The Corporate Average Fuel Economy (CAFE) regulations show how costly unforeseen adverse consequences can be. The law requires that all auto manufacturers selling new cars must meet a federal miles-per-gallon standard for the average of all its cars.
The required figure for 1991 was 27.5 miles-per-gallon. But, as auto manufacturers reduced the size and weight of their cars to meet this standard, they also reduced the crash-worthiness of their cars.
A recent economic study found that CAFE is responsible for several thousand additional fatalities resulting from accidents over the life of each model-year’s cars. The authors calculate that reducing the weight of American cars to meet the CAFE standard of 27.5 miles per gallon is costing the nation between 2,200 and 3,900 lives, plus 11,000 to 19,500 serious injuries, per year than would have occurred without the regulations.
The costs of federal regulations, which include attorney and accountant fees and staff for paperwork and negotiation as well as direct expense for compliance, are disproportionately unfair to sma1l companies. One study suggests that EPA and OSHA regulations actually benefit large, unionized firms because the regulations are so much more costly to their small-firm competitors.

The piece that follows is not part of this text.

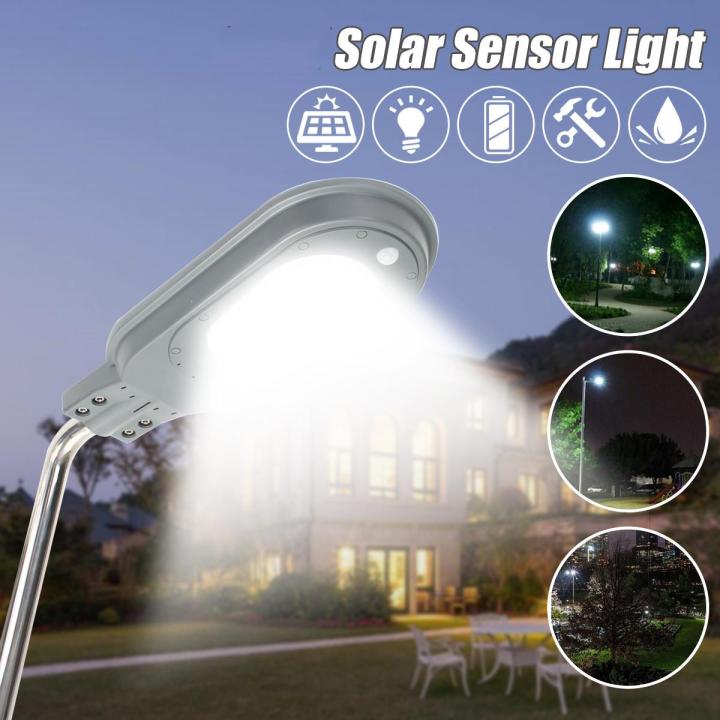【New Choice】40W 82 LED Solar Street Road Wall Light Lamp Waterproof IP65 PIR Motion Sensor + Light Control+ Dim Sensor Pure White Monocystalline Solar Panel w/ 50cm Pole Support Rod Outdoor Garden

How much Americans like airline deregulation is manifested in the figures: Americans took 254 million flights during the last year before deregulation, and because of lower prices, greater choices, and more frequent flights, took 453 million flights in 1989, an increase of 78 percent. Meanwhile, carrier insurance rates fell 22 percent, a sure sign that the marketplace thinks deregulated air travel is less risky.
Murray Weidenbaum, director of the Center for the Study of American Business at Washington University in St. Louis, estimates that the 1991 Clean Air Act will cost an additional $25 to $35 billion a year on top of the $100 billion we already spend annually on pollution controls.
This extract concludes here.